Ah ben il aura fallu ça pour que je dépose mon premier post ici, tiens. Et c'est même pas pour commenter l'article, que je trouve malin et bien écrit .
Non, c'est juste que je rentre du boulot là et que je lis ça : "les personnels de l'éducation nationale [...] vous faites rien pour éradiquer le harcèlement scolaire, l’échec scolaire, la précarité des élèves etc“.
Et du coup, j'ai un peu envie de pleurer.
Parce que je rentre du boulot, mon boulot de prof d'histoire-géographie-EMC en REP, mon boulot que j'exerce littéralement au cœur d'une cité qui est en ébullition en ce moment, où on brûle des arbres devant le collège (hier soir), où les "personnels de l'éducation nationale" se font insulter en sortant (hier après-midi), fracasser leur bagnole (la semaine dernière). Où il n'y a pas de présence policière et il n'y en aura pas. Où les gamins guettent à 12 ans et dealent à 14 et où le toit fuit, parce qu'on n'a même pas l'heur d'être en région parisienne et qu'on a zéro moyens. Où les profs donnent des cahiers à certains élèves qui n'en ont pas, où la direction cherche des solutions pour une famille SDF.
Mon boulot où j'essaie (et mes collègues avec moi) d'apprendre aux gosses un autre langage que celui de la violence, celui de chez eux et de la rue. Où je mets en place des choses exigeantes et rigoureuses pour leur donner des armes pour la vie, tout en combattant tant bien que mal l'absence totale de quoi que ce soit pour les élèves récemment (ou pas du tout) francophones. Où j'apprend à des ados ébahis qu'il existe des athées, que je suis française d'origine française et que si ça existe, qu'il y a des choses et des façons de faire en dehors des logiques de leur microcosme. Où j'enseigne des choses terribles et des choses belles, où on apprend la critique du monde et de soi-même. Où on organise des cours de remise à niveau en août. Où les profs se battent pour faire l'aide aux devoirs, parfois payée, parfois pas. Où on monte des clubs, jamais payés.
Mon boulot où j'utilise l'écriture inclusive, où je corrige des copies où apparaît de plus en plus le point médian. Où j'ai lancé un projet parité qui démontera, quelques heures par an sur les quatre niveaux, les stéréotypes de genre. Où nous organisions des médiations, des rencontres avec des professionnels, des projets pour essayer d'enrayer la violence qui a envoyé un gamin à l'hôpital l'autre jour - une bagarre entre 6èmes. Pour lutter contre le harcèlement.
Rouge à lèvres ? Shorts ? On aimerait bien. Mais à mon boulot, une fille qui oserait le rouge à lèvres ou le short, il faudrait que ce soient nous, les "personnels de l'éducation nationale", qui la défendions contre les autres. Qui affirmions son droit à le faire. Parfois vis-à-vis de ses parents.

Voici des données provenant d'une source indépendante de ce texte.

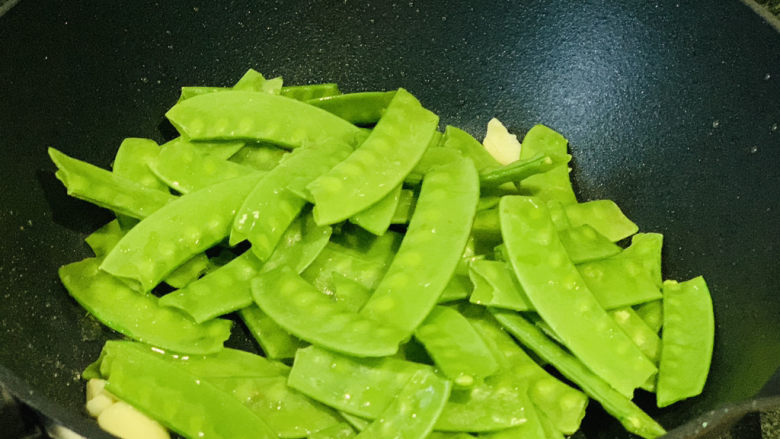 荷兰豆炒虾仁,锅里加蒜瓣炒香,倒入荷兰豆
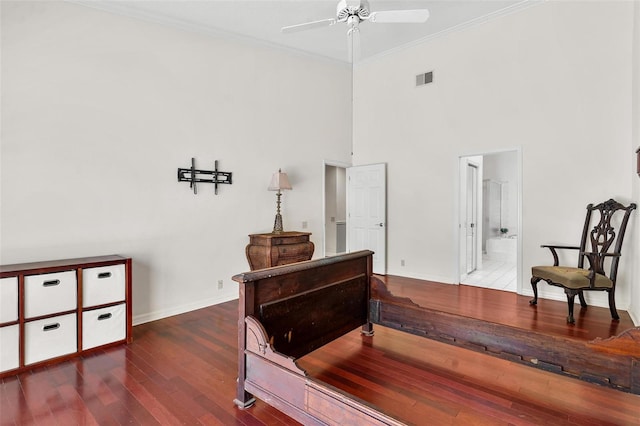 6048 Topsail Rd, Lady Lake, FL 32159 - bedroom with hardwood / wood-style floors, ornamental molding, a high ceiling, and connected bathroom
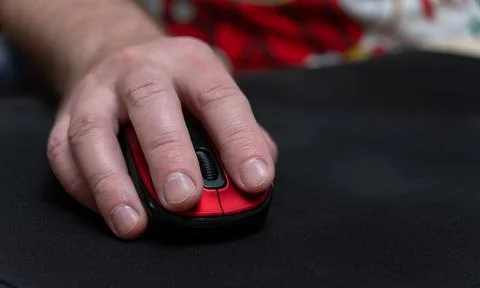 Man holding a computer mouse on a black rug Stock Photos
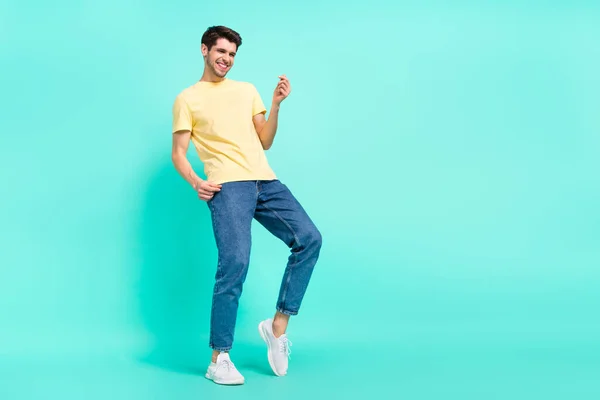 Full size photo of funny brunet guy dance wear t-shirt jeans sneakers isolated on turquoise background — Stockfoto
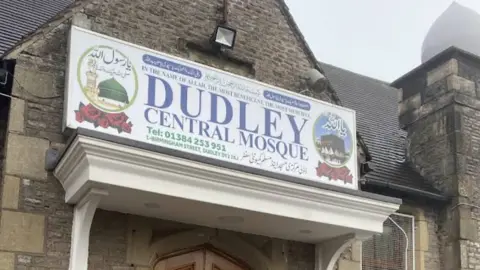 An old Victorian-style school building with the sign Dudley Central Mosque on top of the front door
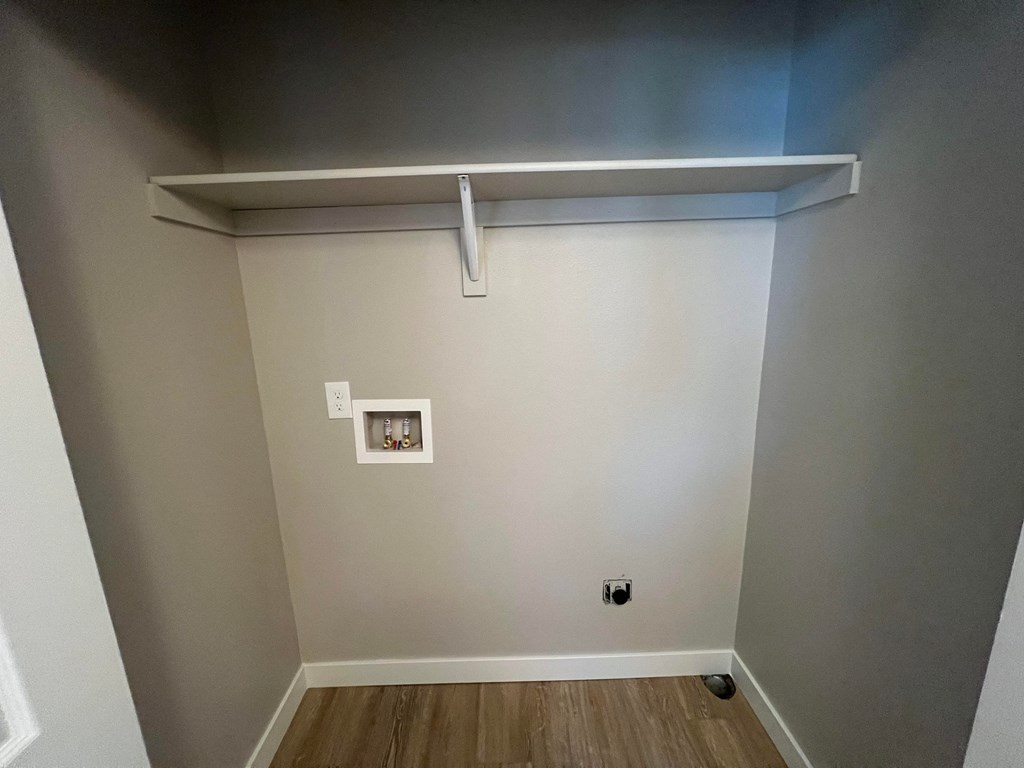 a room with a white wall and a white shelf on top of it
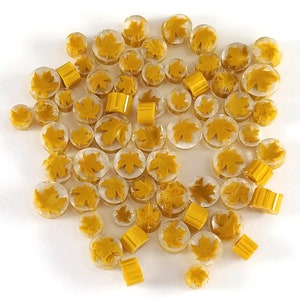 Op de afbeelding: Een verzameling gele glazen kralen met een esdoornbladontwerp. De kralen zijn helder en hebben een matte afwerking.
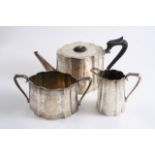 A VICTORIAN ENGRAVED THREE-PIECE TEA SET with shaped & tapering oval bodies, by Messrs. Barnard,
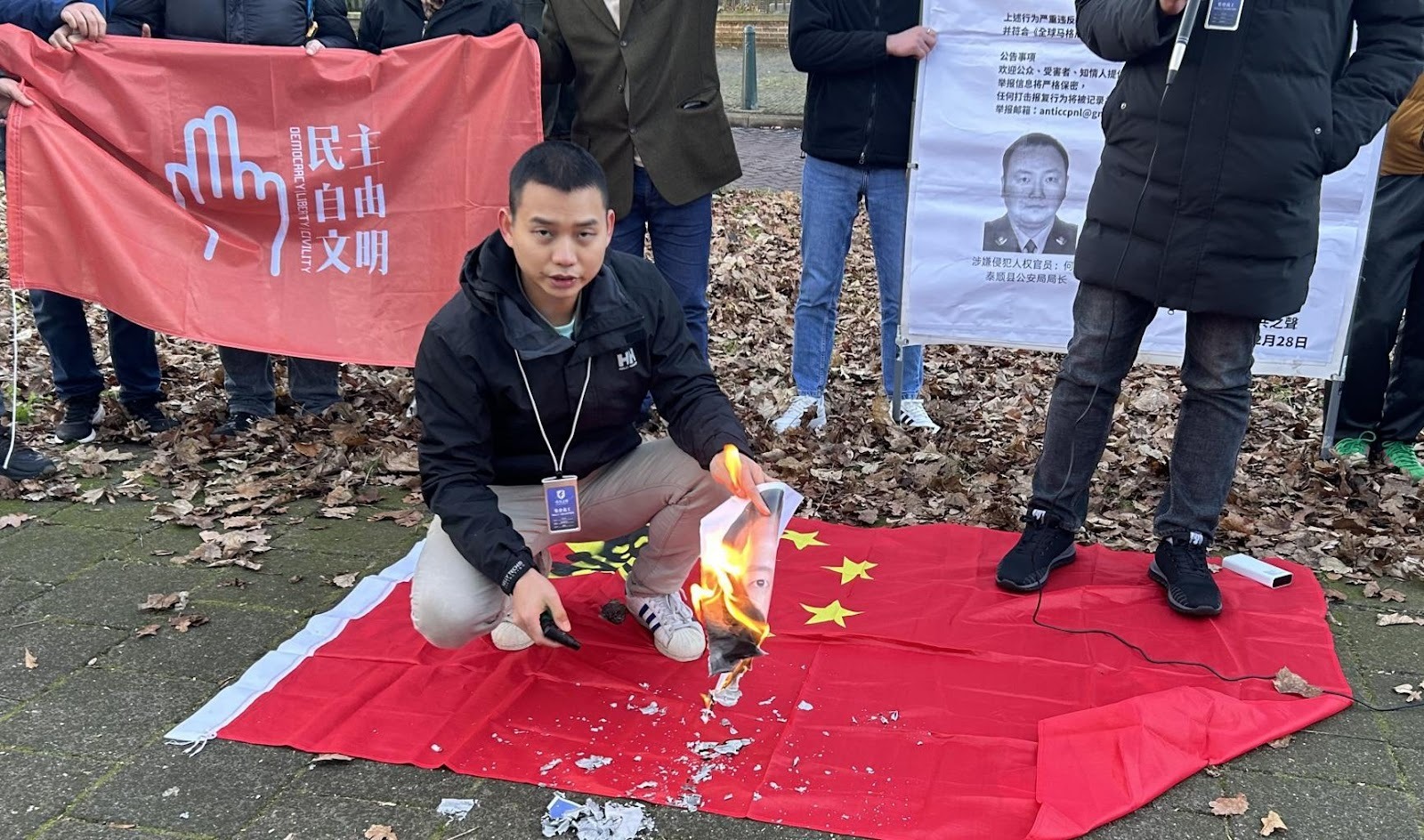 活动义工江培坤现场焚烧涉嫌侵犯人权的官员照片，活动义工江培坤提供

Encore une fois, ce n'est vraiment pas l'article que je vise. Il m'a fait du bien, jusqu'à la fin et à ce tweet.
Je vise ce twittos qui, en deux phrases et sans ponctuation, du haut de son ignorance de ce qui se passe vraiment dans les écoles, chie sur mon travail. Et à qui, pardonnez mon langage, je voudrais bien cordialement pisser à la raie.
L'éducation nationale a du chemin à faire, beaucoup, et une autocritique à réaliser. Mais le problème de l'école, c'est que sous prétexte que tout le monde dans ce pays y est passé un jour, tout le monde dans ce pays se sent qualifié pour en proposer une analyse. Même si ça fait vingt ans que le contact avec l'école se limite à une réunion parents-profs par an et une signature de temps à autre sur un contrôle. Même si LES écoles et LES personnels de l'éducation nationale sont aussi diverses et multiples et changeants que LES élèves. Même si ces personnes n'ont qu'une idée très vague de ce que les profs font avec leur liberté pédagogique, qui est immense et précieuse.
Critiquez-nous, poussez-nous à faire mieux. Nous sommes avides de ça, parce que si nous nous plantons c'est notre souffrance et celle des gamins qui nous regardent avec attente et, souvent, avec confiance. Aidez-nous à nous améliorer, comme avec ce genre d'article.
Mais par pitié, arrêtez de chier sur un travail dont vous ne connaissez rien.